II. UNE POLITIQUE ÉTRANGÈRE PLUS AFFIRMÉE, ET UNE DIVERSIFICATION DES PARTENARIATS DONT LA FRANCE DOIT PRENDRE SA PART
A. APRÈS UNE PHASE D'AVENTURISME, UNE POLITIQUE RÉGIONALE FONDÉE SUR LA RECHERCHE DE STABILITÉ
1. Une politique étrangère d'abord plus agressive, avant un retour à une politique d'apaisement régional
L'Arabie saoudite est un acteur historiquement prudent et réticent à l'usage de la force, qui s'est appuyé sur sa considérable richesse pétrolière et sur l'alliance américaine pour assurer sa sécurité face à ses adversaires.
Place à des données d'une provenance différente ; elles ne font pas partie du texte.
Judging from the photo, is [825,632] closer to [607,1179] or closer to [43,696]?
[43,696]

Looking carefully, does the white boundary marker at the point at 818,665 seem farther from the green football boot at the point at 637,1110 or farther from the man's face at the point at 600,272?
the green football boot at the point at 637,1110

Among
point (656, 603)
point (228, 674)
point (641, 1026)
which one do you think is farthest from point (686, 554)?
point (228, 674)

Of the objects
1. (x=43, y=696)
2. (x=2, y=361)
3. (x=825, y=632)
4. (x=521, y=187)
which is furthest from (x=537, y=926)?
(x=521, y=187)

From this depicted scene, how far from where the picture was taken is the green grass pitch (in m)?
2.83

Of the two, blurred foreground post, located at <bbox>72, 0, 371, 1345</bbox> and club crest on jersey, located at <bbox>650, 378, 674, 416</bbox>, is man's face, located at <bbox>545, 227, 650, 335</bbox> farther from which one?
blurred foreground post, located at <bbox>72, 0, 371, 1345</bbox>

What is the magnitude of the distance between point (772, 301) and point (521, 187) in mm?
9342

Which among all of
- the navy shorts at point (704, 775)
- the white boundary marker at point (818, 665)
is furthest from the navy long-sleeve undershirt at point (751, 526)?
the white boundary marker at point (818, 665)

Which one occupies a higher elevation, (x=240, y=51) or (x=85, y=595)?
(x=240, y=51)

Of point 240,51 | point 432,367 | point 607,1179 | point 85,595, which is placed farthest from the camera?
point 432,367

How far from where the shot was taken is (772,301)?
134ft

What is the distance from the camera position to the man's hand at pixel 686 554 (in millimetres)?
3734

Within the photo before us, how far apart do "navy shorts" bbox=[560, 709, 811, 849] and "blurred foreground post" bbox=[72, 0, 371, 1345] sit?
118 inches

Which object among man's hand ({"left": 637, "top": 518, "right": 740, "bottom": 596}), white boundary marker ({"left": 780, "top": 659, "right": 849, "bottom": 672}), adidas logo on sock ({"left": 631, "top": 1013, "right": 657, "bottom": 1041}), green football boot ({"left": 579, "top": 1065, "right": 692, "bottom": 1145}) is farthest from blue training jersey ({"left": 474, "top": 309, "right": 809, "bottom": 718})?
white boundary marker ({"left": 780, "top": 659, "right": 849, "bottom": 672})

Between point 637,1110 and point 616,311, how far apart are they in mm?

C'est pourquoi l'opération militaire lancée par MBS au Yémen en 2015, en collaboration avec les Émirats arabes unis, afin de mettre fin à la menace constituée par la milice houthie soutenue par l'Iran, a constitué une rupture fondamentale. Elle a été suivie par la séquestration à Riyad, en novembre 2017, du premier ministre libanais Saad Hariri, jugé pas assez ferme vis-à-vis du Hezbollah. La même année, l'Arabie saoudite entraînait Bahreïn et les Émirats arabes unis dans un blocus du Qatar, puni pour son soutien aux Frères musulmans. Ces débuts pour le moins chaotiques auguraient une phase d'aventurisme ; mais les trois initiatives ont été des échecs retentissants - l'offensive yéménite ayant, en outre, été particulièrement meurtrière.
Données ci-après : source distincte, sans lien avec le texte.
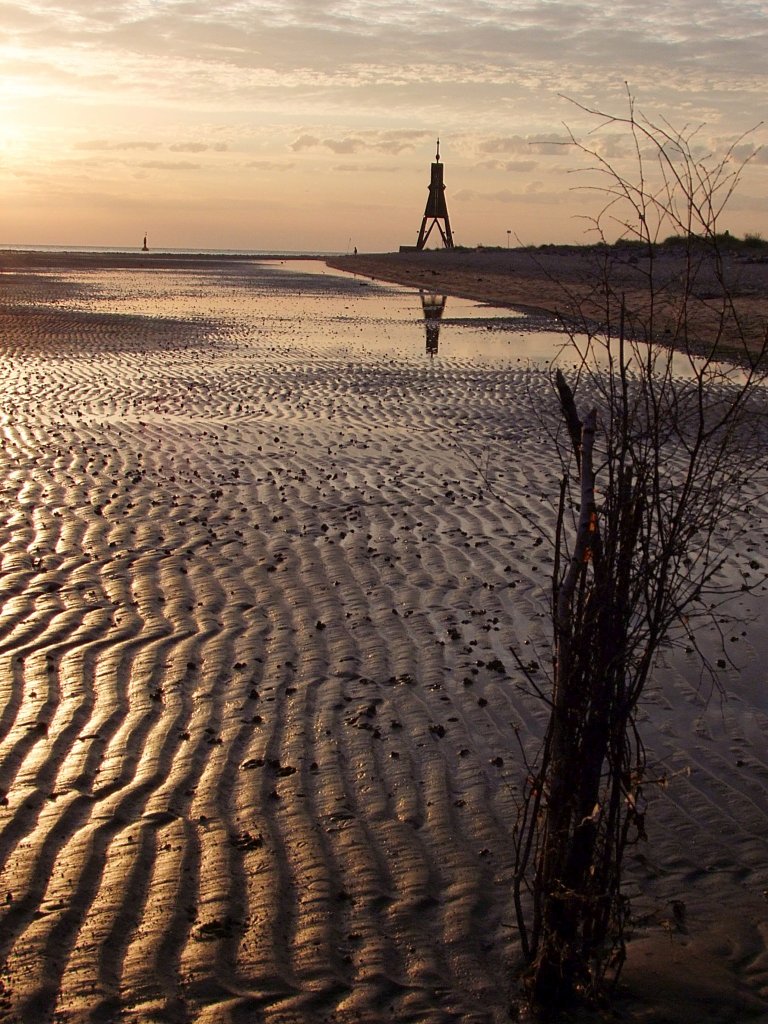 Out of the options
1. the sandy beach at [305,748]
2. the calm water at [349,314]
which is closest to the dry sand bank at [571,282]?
the calm water at [349,314]

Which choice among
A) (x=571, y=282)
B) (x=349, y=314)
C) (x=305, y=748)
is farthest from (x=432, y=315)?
(x=305, y=748)

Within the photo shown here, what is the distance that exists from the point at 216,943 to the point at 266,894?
1.28 feet

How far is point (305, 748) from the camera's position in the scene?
604 centimetres

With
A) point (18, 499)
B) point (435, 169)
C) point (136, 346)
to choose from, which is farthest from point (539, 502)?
point (435, 169)

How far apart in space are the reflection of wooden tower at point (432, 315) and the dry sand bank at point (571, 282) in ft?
4.80

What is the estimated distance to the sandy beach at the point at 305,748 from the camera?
422cm

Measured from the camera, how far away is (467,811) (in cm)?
546

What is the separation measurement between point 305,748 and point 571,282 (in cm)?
3850

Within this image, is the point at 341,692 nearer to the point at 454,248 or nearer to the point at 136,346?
the point at 136,346

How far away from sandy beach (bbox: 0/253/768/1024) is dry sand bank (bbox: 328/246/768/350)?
6629 millimetres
Le tournant s'est amorcé en 2018-2019, peut-être en réaction à l'opprobre international - très temporaire - dont a souffert MBS après l'assassinat de Jamal Khashoggi. Ainsi, bien qu'elle considère toujours l'Iran comme son principal adversaire stratégique, la signature du Plan d'action global (en anglais JCPoA) le 14 juillet 2015, mais surtout l'attaque, le 24 septembre 2019, des terminaux pétroliers d'Abqaiq et de Khurais par les houthis, probablement avec l'aide de l'Iran, ont convaincu l'Arabie saoudite de changer d'approche. En effet, l'absence de réponse de l'administration Trump à cette attaque a définitivement convaincu les Saoudiens qu'ils ne pouvaient plus s'en remettre à la garantie de sécurité des États-Unis. Pragmatiquement, ils en ont tiré les conséquences en engageant des discussions directes avec l'Iran, qui aboutissent au rétablissement des relations diplomatiques en mai 2023.
L'épisode qatari a été refermé en 2021 par une réconciliation formelle, sans que les demandes saoudiennes n'aient été satisfaites. Enfin, MBS a reconnu la réalité du rapport de forces au Liban, où le Hezbollah était incontournable - même si l'offensive israélienne a sans doute modifié la donne.
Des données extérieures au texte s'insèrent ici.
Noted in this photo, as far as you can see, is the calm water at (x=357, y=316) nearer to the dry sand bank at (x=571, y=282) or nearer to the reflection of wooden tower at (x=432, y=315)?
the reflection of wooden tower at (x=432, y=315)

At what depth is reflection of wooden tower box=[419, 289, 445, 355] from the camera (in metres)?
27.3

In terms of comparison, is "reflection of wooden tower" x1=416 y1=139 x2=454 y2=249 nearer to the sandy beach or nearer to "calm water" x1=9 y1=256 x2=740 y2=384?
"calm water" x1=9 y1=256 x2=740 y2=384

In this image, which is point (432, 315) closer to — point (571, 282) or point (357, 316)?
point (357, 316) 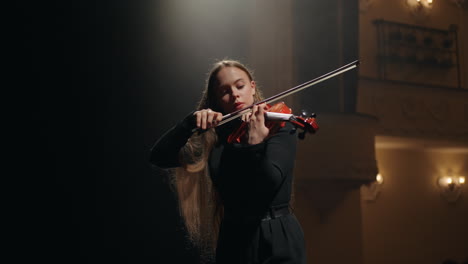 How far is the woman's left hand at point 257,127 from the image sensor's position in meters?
1.27

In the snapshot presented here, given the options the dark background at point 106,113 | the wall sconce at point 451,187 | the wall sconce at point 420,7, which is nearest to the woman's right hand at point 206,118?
the dark background at point 106,113

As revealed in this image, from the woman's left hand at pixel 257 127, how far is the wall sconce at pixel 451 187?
5.45m

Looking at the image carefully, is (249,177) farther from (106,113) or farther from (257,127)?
(106,113)

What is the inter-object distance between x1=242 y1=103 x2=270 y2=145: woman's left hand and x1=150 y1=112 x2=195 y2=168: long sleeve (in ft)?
0.58

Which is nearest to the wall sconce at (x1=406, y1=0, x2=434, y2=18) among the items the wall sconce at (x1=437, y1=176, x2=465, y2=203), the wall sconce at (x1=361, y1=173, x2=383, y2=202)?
the wall sconce at (x1=361, y1=173, x2=383, y2=202)

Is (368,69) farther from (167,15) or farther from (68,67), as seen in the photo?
(68,67)

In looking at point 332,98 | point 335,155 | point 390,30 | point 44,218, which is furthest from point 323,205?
point 390,30

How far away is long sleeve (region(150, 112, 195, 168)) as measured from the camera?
1377 mm

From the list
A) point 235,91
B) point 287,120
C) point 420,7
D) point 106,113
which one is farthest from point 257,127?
point 420,7

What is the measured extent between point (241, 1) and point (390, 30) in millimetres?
2823

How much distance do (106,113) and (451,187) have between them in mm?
5114

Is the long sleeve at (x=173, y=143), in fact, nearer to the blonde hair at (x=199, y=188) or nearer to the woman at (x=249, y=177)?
the woman at (x=249, y=177)

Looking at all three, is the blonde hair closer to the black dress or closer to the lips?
the lips

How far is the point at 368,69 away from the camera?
4.85 metres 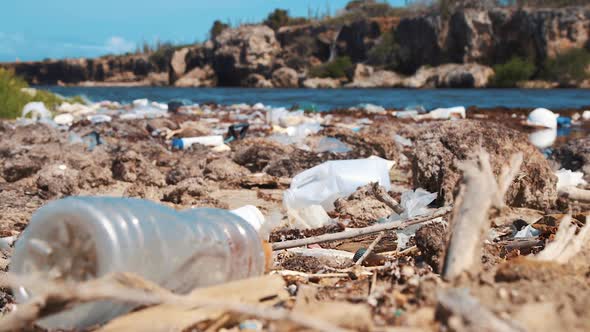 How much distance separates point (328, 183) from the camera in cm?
403

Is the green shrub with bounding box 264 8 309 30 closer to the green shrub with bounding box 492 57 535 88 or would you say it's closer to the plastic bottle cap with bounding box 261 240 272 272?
the green shrub with bounding box 492 57 535 88

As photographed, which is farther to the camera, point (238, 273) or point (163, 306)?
point (238, 273)

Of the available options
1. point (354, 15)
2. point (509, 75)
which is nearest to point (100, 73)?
point (354, 15)

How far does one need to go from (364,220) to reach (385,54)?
64.0 m

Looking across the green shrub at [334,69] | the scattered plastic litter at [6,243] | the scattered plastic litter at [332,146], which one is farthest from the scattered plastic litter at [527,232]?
the green shrub at [334,69]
L'Arabie saoudite est donc revenue à une politique d'équilibre et de recherche de la stabilité régionale et de protection du territoire national - avec toutefois des nuances importantes par rapport à la période précédente.
2. Une diversification des partenariats
La prise de distance avec les États-Unis, commencée avec le JCPoA, aggravée par l'attaque de septembre 2019, s'est accentuée sous la présidence de Joe Biden, aggravée par la réaction de l'administration américaine à l'affaire Khashoggi. Mais elle s'inscrit aussi dans un mouvement de fond qui voit l'Arabie saoudite prendre une indépendance plus marquée vis-à-vis de son ancien protecteur et approfondir les relations avec la Chine et la Russie. Avec la première, les relations commerciales se sont intensifiées, tandis que le royaume n'a aucunement rompu son partenariat avec la seconde, notamment au sein de l'Opep+.
Source : General Authority for Statistics, service économique de l'ambassade de France à Riyad
Sur la guerre en Ukraine, l'Arabie saoudite a beau jeu de se contenter d'appeler à la diplomatie, quand les craintes sur l'approvisionnement énergétique l'ont rendue à nouveau indispensable au partenaire américain.
La diversification des partenariats engagée sous MBS a ainsi renforcé la centralité saoudienne au Moyen-Orient et au-delà, en en faisant un acteur incontournable de tous les dossiers. Cette centralité s'est également affirmée dans la multiplication des sommets et négociations organisés sur le territoire saoudien.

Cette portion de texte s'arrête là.